The same types I’d seen at A Noite, those skinny gay boys, were crowding the bar, but they made room for Señor Bovary and me. Onstage was a transsexual dancer, very passable—nothing retro about her.

“Shameless catering to straight guys,” Bovary whispered in my ear. “Oh, and guys like you, I suppose—is she your type?”

“Yes, definitely,” I told him. (I thought the lime-green strobe pulsing on the dancer was a little tacky.)

It wasn’t exactly a strip show; the dancer had certainly had her boobs done, and she was very proud of them, but she never took off the thong. The crowd gave her a big hand when she exited the stage, passing through the audience—even passing by the bar, still in her thong but carrying the rest of her clothes.
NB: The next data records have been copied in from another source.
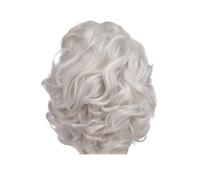 Parrucca da vecchia signora 1 pezzo Parrucche grigie for la nonna con frangia Capelli sintetici ricci corti Uso scolastico for feste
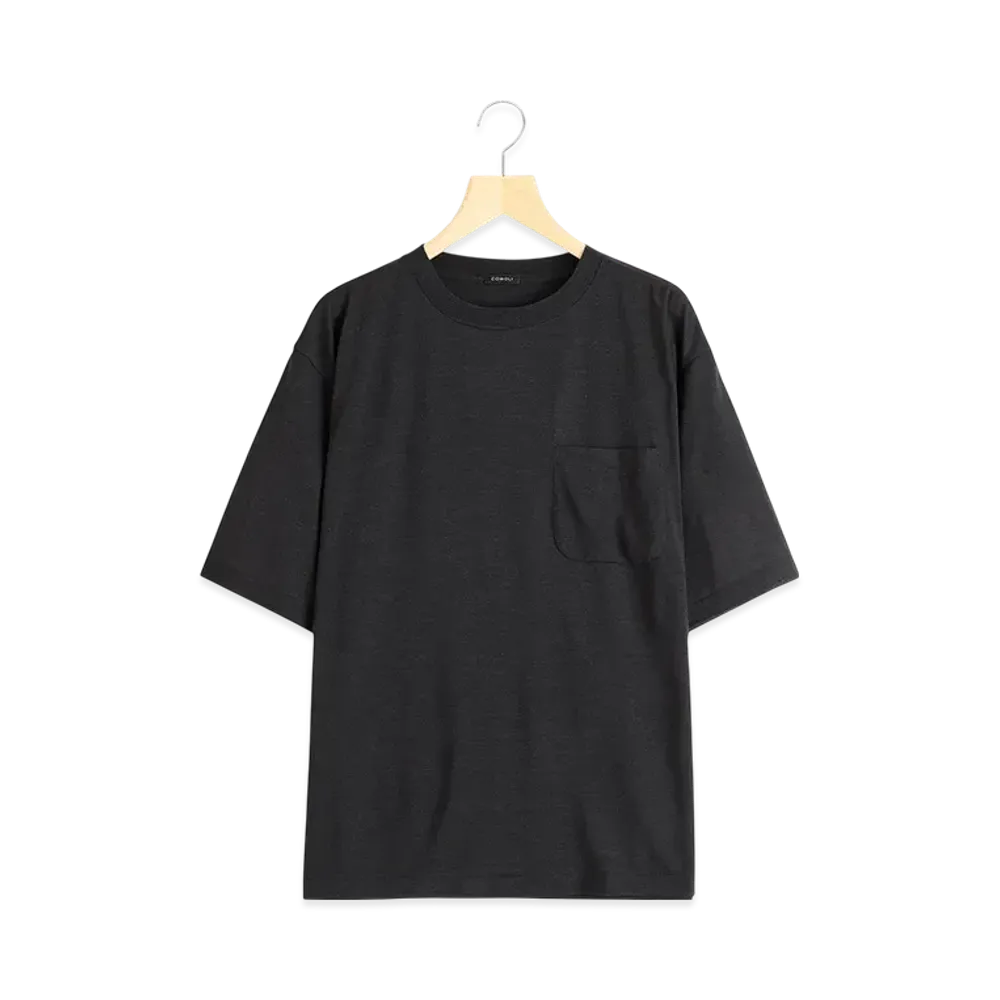 COMOLI Summer Wool Short Sleeve T-Shirt "Chacoal"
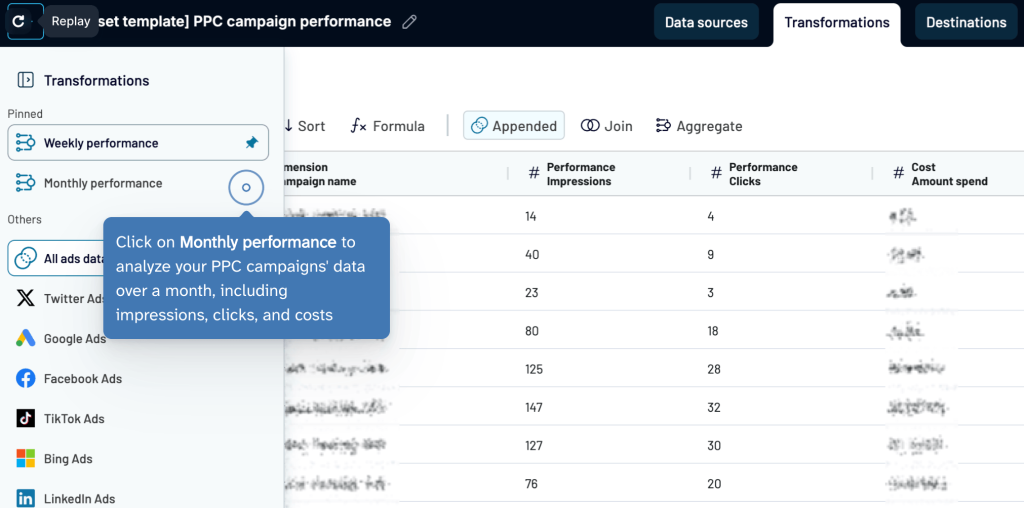 Coupler.io dataset template example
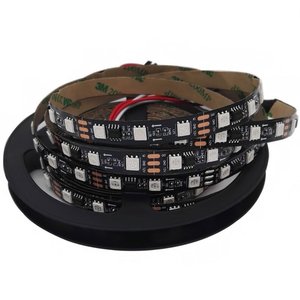 Світлодіодна стрічка RGB SMD5050, WS2811 чорна, з управлінням, IP20, 12 В, 60 діодів м, 1 м 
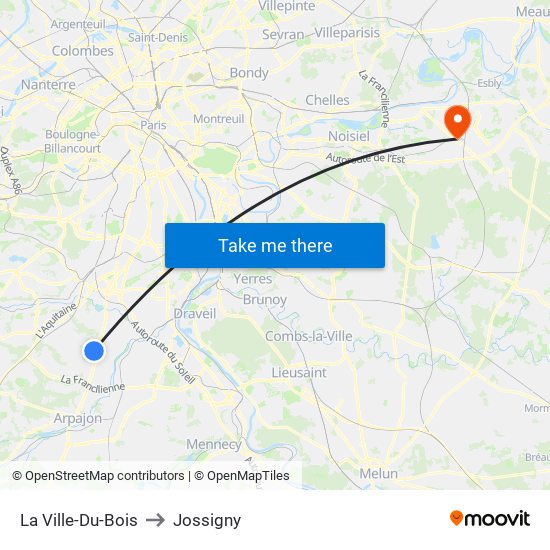 La Ville-Du-Bois to Jossigny map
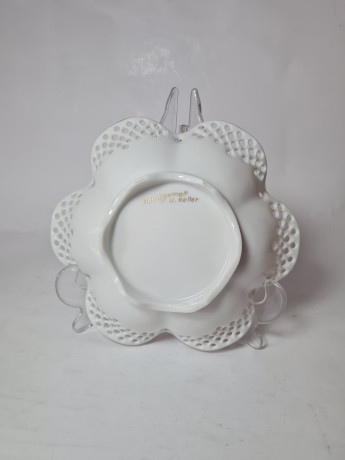 U.Keller Винтажная сервировочная тарелка в форме цветка с ажурным краем, 18см x 4,5см, Германия, 1960-70гг.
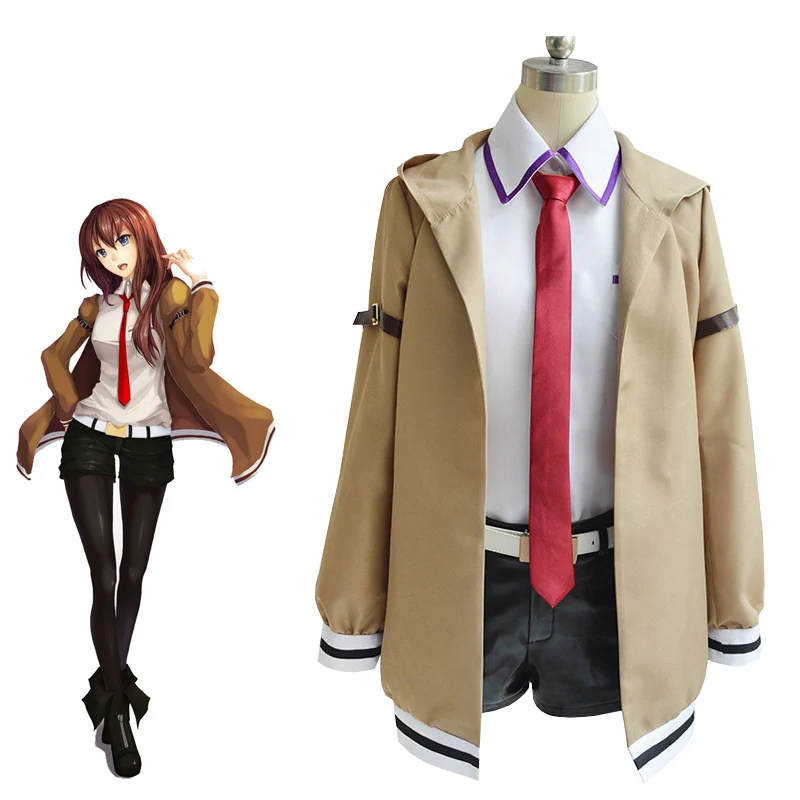 

Аниме Steins;Gate Makise Kurisu Christina костюмы для косплея женский белый плащ рубашка шорты галстук наряды на Хэллоуин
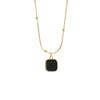 Black Geometric Square Alloy Necklace For Women Fashion Clavicle Chain With Electroplated Elegant Cold Style Design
Bovary said something to her in Spanish, and she smiled.

“I told her you were a very important guest, and that she was definitely your type,” the little man said mischievously to me. When I started to say something, he put an index finger to his lips and whispered: “I’ll be your translator.”

I first thought he was making a joke—about translating for me, if I were later to find myself with the transsexual dancer—but Bovary meant that he would translate for my father. “Franny! Franny! Franny!” voices in the crowd kept calling.

From the instant Franny Dean came onstage, there were ooohs and ahhhs; it wasn’t just the glitter and drop-dead décolletage of the dress, but with that plunging neckline and the poised way my father carried it off, I could see why Grandpa Harry had a soft spot for William Francis Dean. The wig was a jet-black mane with silver sparkles; it matched the dress. The falsies were modest—small, like the rest of him—and the pearl necklace wasn’t ostentatious, yet it picked up the powder-blue light onstage. That same powder-blue light had turned all the white onstage and in the audience a pearl-gray color—even Señor Bovary’s white shirt, where we sat at the bar.